Saturday, again he's late. But we get to do a proper, traditional dungeon crawl. Right off the bat, I volunteer to take the lead, and get a natural 1 to stealth. I end up walking right up to a zombie, fail to identify it as a zombie, and waste a spell slot casting sleep on it. I also almost put our dragonborn to sleep XD I spend almost the entire rest of the combat getting chewed on, but manage to coup de grace the final zombie. It's at this point that everyone realizes that, not only am I not a gnome, two of us now have some kind of infection that could very possible turn us into zombies. Only the NPC is okay with my being a kobold. But she's also a six-foot tall, half-dwarf, ultra-butch cannibal lesbian, that's falling in love with the bard's character. Even the dragonborn is a little intimidated, and with the GM's rolling, the party decides to deal with the kobold later, as long as he behaves. The more pressing issue is this infection. What follows is a lot of me riding on the NPC's shoulders, taking advantage of my pack tactics ability to get advantage on all my attacks. I'm pretty sure it's half the reason we survived, and we didn't even complete the dungeon. Only at the end of the game, does the GM call bullshit and take away the ability because "it's too powerful". Except that he had to approve it in the first place because kobolds are all homebrewed in 5e. I understand where he is coming from, as a kobold with a crossbow riding around on someone's shoulders picking off enemies with "roll 2 take the highest"+5 to hit, combined with +2d6+3 to damage is quite potent, but I feel like he was blaming me for his own lack of foresight. And the guy's and excellent GM otherwise, I feel like he should have been able to adapt to that. Now, instead of spamming sneak attacks with a crossbow, I get +1 damage.
It's really weird, because sometimes we get incredibly overpowered shit, like the dragonborn that can breathe fire and insta-gib all of the enemies we've encountered so far. Even if every single enemy we fought clustered together into the shape of his fire-breath cone, he would kill all of them in one shot. And the bard tends to get a surprising amount of free shit. It wasn't so bad to start, but it feels like it's escalating slowly. She's really good about sharing with the rest of us, but it does feel a little unbalanced. Plus the Dragonborn got a bunch of free magic items. The thief hasn't gotten much of anything, though that's probably about 50/50 because she doesn't do a whole lot half the time. My lack of survivability makes it hard to last long enough to really get much. And then he goes ahead and takes away the one ability that was really making me useful in combat.

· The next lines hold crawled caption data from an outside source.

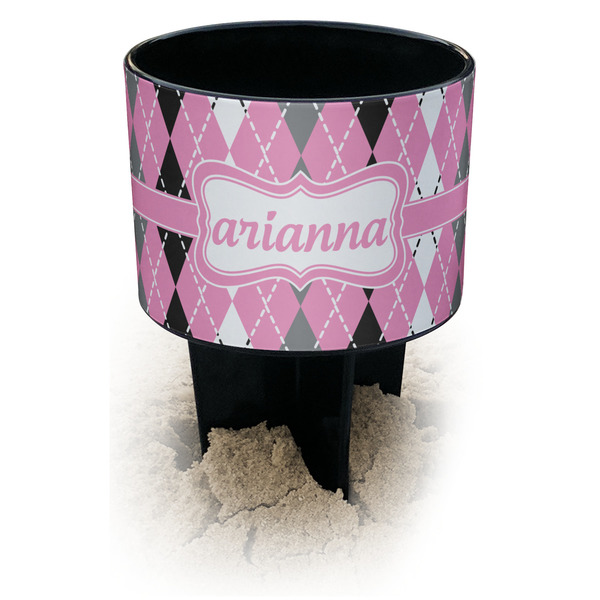 Custom Argyle Black Beach Spiker Drink Holder (Personalized)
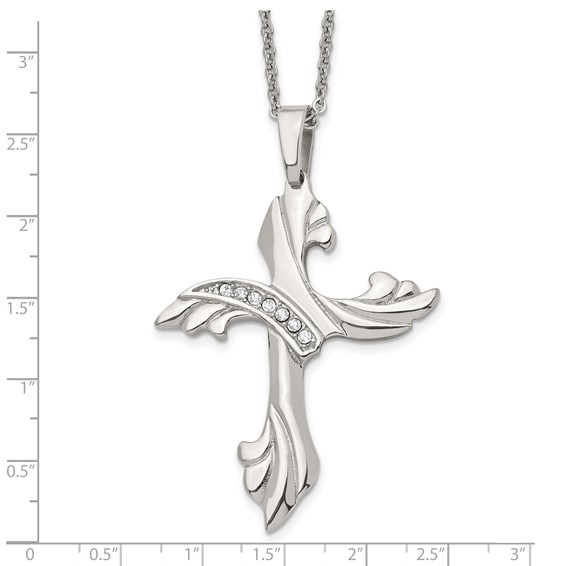 Chisel Stainless Steel Polished with CZ Swirl Cross Pendant on a 20 inch Cable Chain Necklace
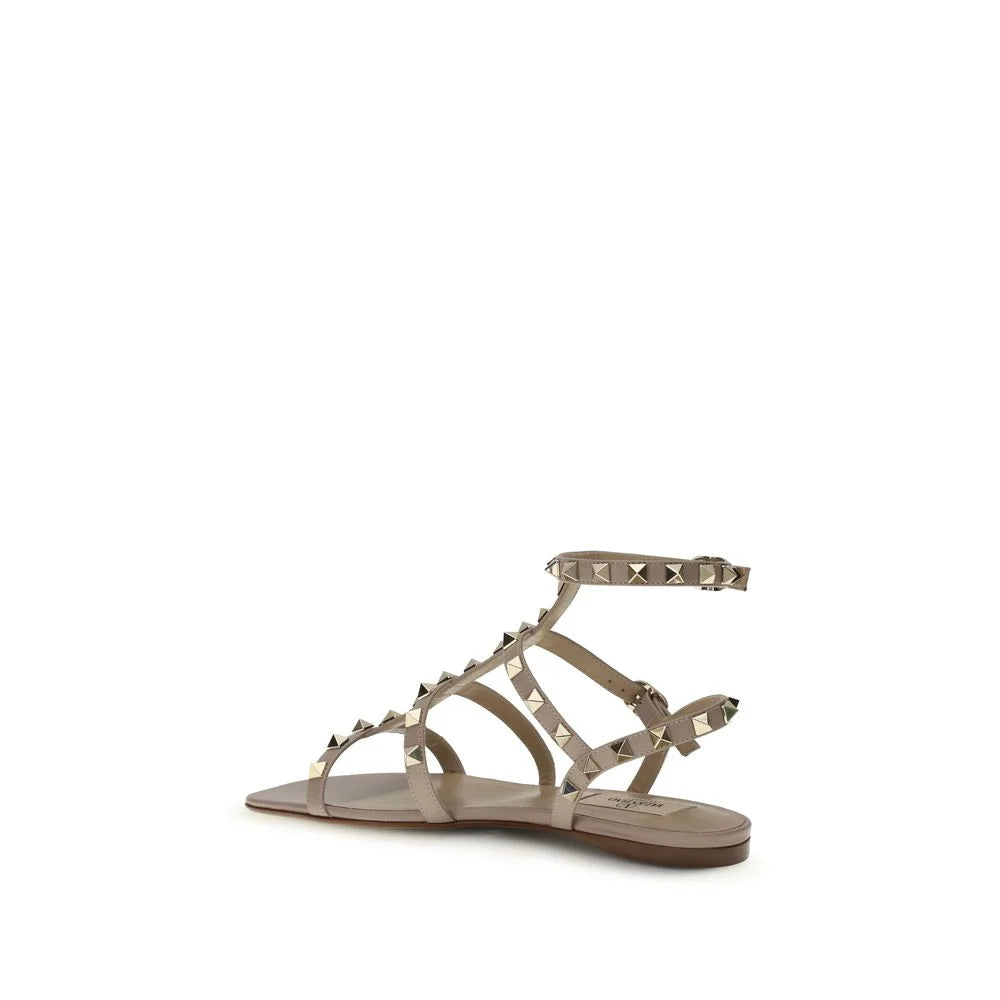 Valentino Garavani Beige Calf Leather Bos Taurus Flat Sandals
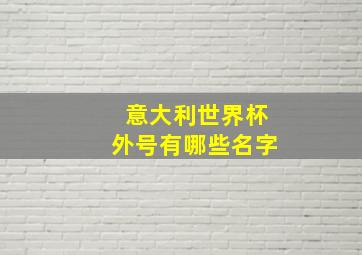 意大利世界杯外号有哪些名字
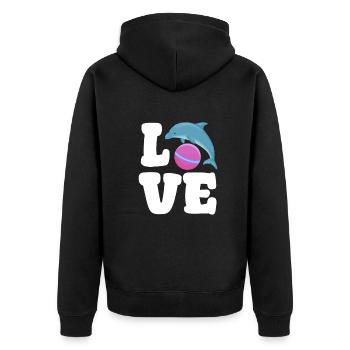 Liebe Delfin Mit Ball Niedlich Ozean - Unisex Premium Bio Zip Hoodie - Schwarz - Hinten - Nico (187cm)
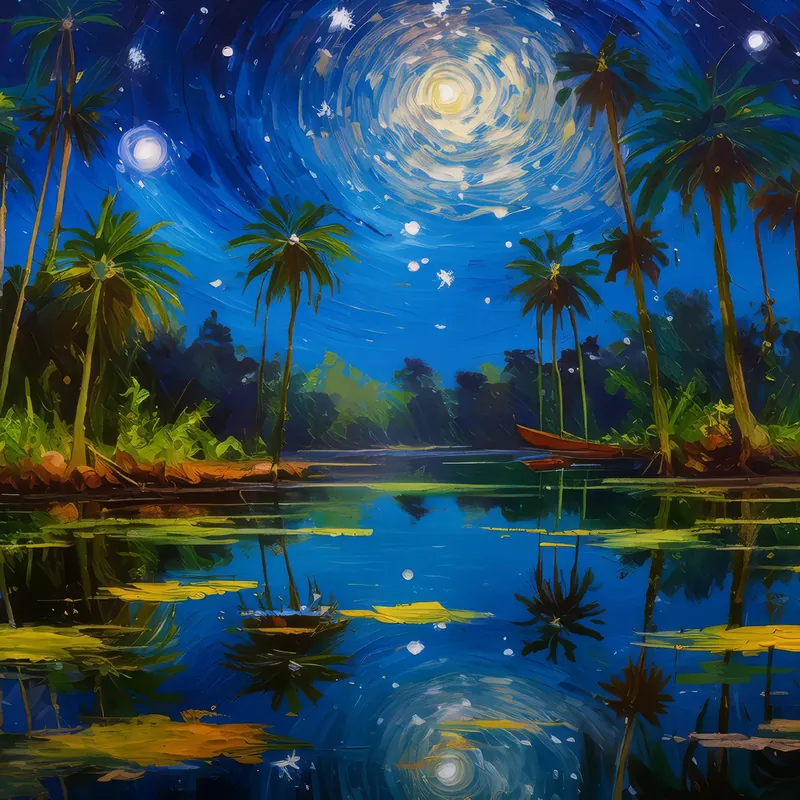 Painting: Swamp Night Reflections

On top of that, the blame game was out in force. The GM blames the thief for shenanigans that are only partially her fault, the thief blames my characters' shenanigans for most of the party's in-game problems. The GM will occasionally accuse a random person of metagaming, and no one listens when I try to justify my way through actions that my characters commit. It's a good game, and they are a good bunch of people, and I'm having fun, but some of them need to work on their punctuality, and I think we all need to communicate a little better. I'm looking forward to playing again, but I dunno what's going to happen. The GM really wants to switch games, and he's suggesting Rogue Trader or Pathfinder. I'm down for both, and have characters for both, but no one else seems to really commit to anything, so we're probably just going to keep playing D&D until we get sick of my characters dying.